Well, let Angelina's hat pass for what it is worth to her. It is no more than the redbirds have had to submit to all their life history. There isn't a savage tribe but has made use of bright feathers for dress, either in skins or quills. The dark-skinned native is "dressed for church" if he wear a single feather tuft in his scalp-lock, or a frail shoulder-cape of crimson breasts, stripped from the bird in the bush.

It may be the tanager has a sort of dull instinct to hide himself on this account in the deep foliage, deeming it the better part of valor to keep out of harm's way when a nature-lover sits on the toadstool-bedecked log to watch for him.

His mate, of dull greenish yellow, has less enemies in the disguise of admirers, and her little heart has no call to flutter when the so-called nature-lover haunts the woods. She goes on with her nest-building on the arm of a maple or even lonely apple-tree, making haste, for well she knows the season is short in which to raise their single brood. By the middle of August they must be off, have the wings of the young grown sufficient strength; and yet the old birds only arrived from their warmer clime in the South when May was half over, or later.

Like the grosbeak's, the tanager's nest is loosely built of twigs and stalks, transparent from below, as if ventilation were more necessary than softness. The dull blue eggs, spotted with brown or purple, may be distinctly seen from beneath when the sun is shining overhead. But why worry the mother bird by long gazing? She is in great distress. Were the ear of the nature-lover properly tuned he would understand her to be saying, "They're mine, they're mine. I beg, I beg. Don't touch, don't take."

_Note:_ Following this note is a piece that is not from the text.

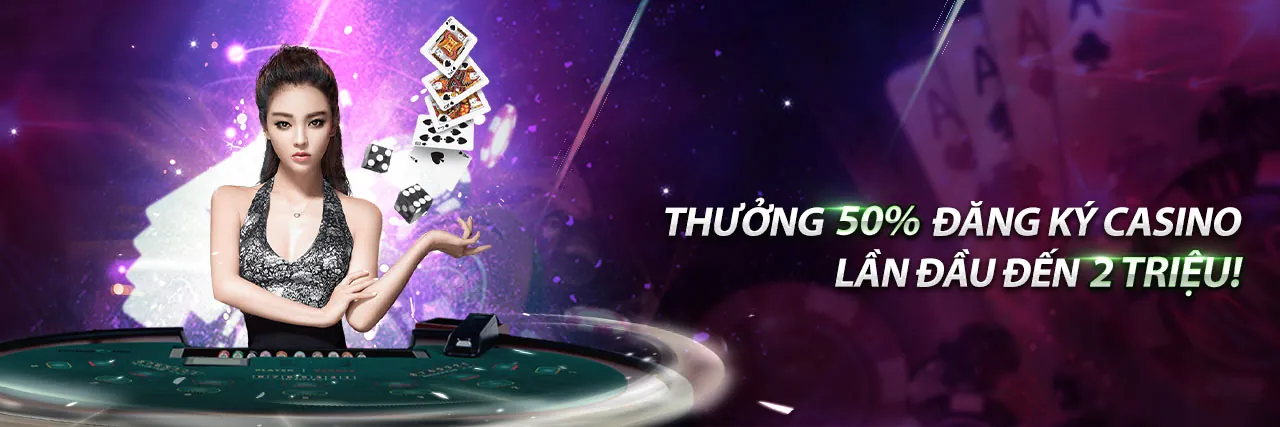 Hình ảnh hỗ trợ khách hàng chuyên nghiệp của fb8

But in due time the young are juveniles, not nurslings, and they leave the nest, too soon the worse for wear on account of its careless build. At first the thin dress of the young is greenish yellow, like the mother, and they may pass unnoticed amid the late summer foliage. The male juveniles, during their first year, somewhere change to brighter hues in spots and dashes of red and black, as if their clothes had been patched with left-overs from their fathers' wardrobes. The fathers themselves, before they fly to the warm South, drop their scarlet feathers, like tatters, amid the ferns and blue-berries, and girls pick them up for the adorning of doll hats. No merrier sight, and none more innocent of character, than this of little girls searching for what is left of the beautiful summer visitor, picking up, as it were, the shreds of his memory. These scarlet feathers, together with those of the summer yellowbird, placed in layers or helter-skelter in a case of gauze, make a fairy pillow for winter times, pretty to look at. They come with thistle-down and milkweed tassels, and sumach droppings and maple leaves, and the first oozing of spruce gum in the woods. Yes, and beechnuts and belated goldenrod, and the first frosts that nip the cheek of the cranberry in the bog.

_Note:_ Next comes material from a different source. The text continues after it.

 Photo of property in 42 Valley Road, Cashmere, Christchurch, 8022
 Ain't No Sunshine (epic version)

And the huckleberry patch is littered with the tiny plumes, for tanagers love the huckleberries that leave no stain on their greenish yellow lips. These huckleberries are their chief food in late berry-time, coming, as they do, when the juveniles need a change in their meat diet before the long flight ahead of them. Up to this date they made good, square meals from fat beetles and other insects big enough to "pay for catching." That bumblebees and wasps are endowed with sharp points in their character does not forbid the use of them for tanager food; though it is presumed that the stings are either squeezed out, or the insect killed, before it is fed to the nestlings, as we have noticed in the case of the phœbes.

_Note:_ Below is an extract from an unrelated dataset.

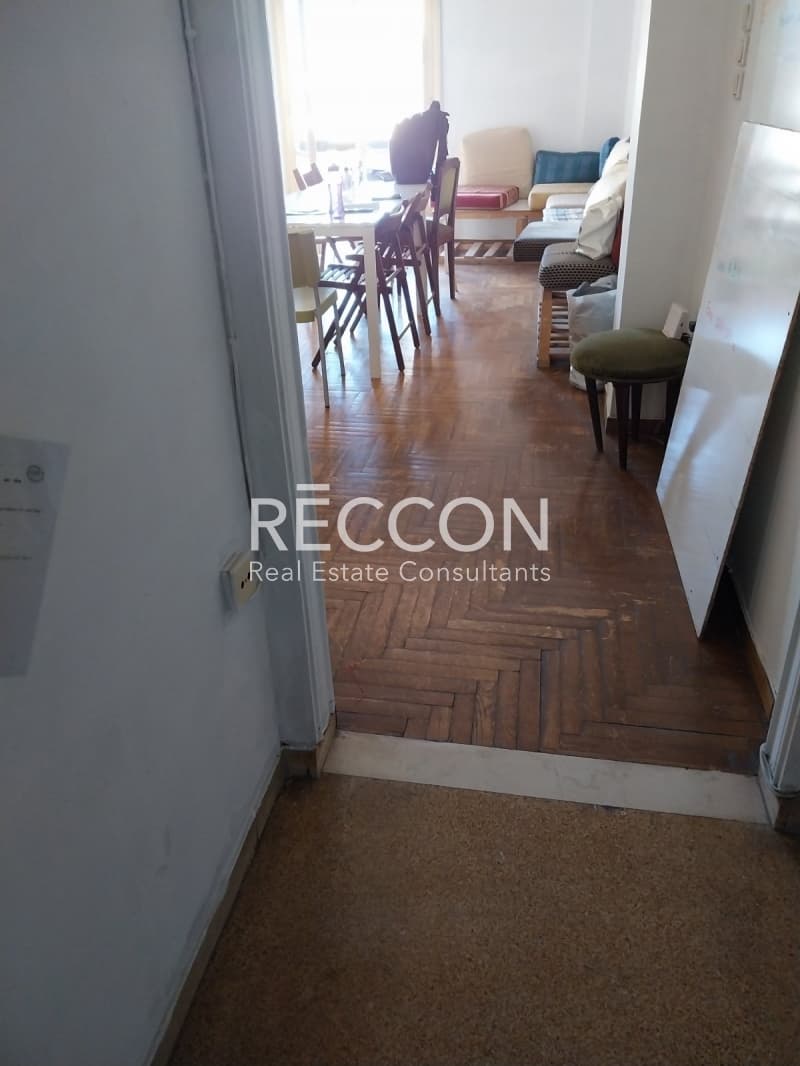 Apartment in Strefi, Exarchia - Neapoli — Photo 11 of 25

In these late summer days the singer punctuates his song often and long, for he must recuperate for his autumn journey. More than this, he must protect his young ones. He therefore loses the shyness of spring, and follows the juveniles about, feeding them and teaching them to shift for themselves, and protecting them with word and sign. His whole care is for his family, and hard is a cruel world indeed whose human inhabitants can molest him. His scarlet cloth is forgotten. He will follow his young even into captivity, and there feed them through bar or window. But not a fascinating prisoner is the tanager; one grows accustomed to his bright coat, and as it is seen against the pane in winter-time, contrasting with the whiteness of the snow, seems to reproach the hand that imprisoned it. When one stops to think of it, scarcely a bird in captivity, unless it be the canary to the manner born, gives the satisfaction and amusement anticipated. It is the going and coming of the wild birds that make more than half the fun. The sudden surprise of spring; the reluctant departure of autumn, with the hope of intermediate days—there is charm in all this keeping of Nature's order.

Well, good by, sweet scarlet tanager. Sing us back your farewell note of "Wait, wait." We shall see you again when the early cherries are ripe, if not sooner. The beetles and bumbles and the grasshoppers will be watching out for you, and the terrible hornet shall double his armor-plate to suit the strength of your strong beak. It will be of no avail for the big black beetle to hide beneath the iron kettle he carries on his back, and the bum of the big, yellow bumblebee will serve only as its call-note, while the broad sword of the hornet will have no time to unsheath itself at sight of you. Good by, tanager.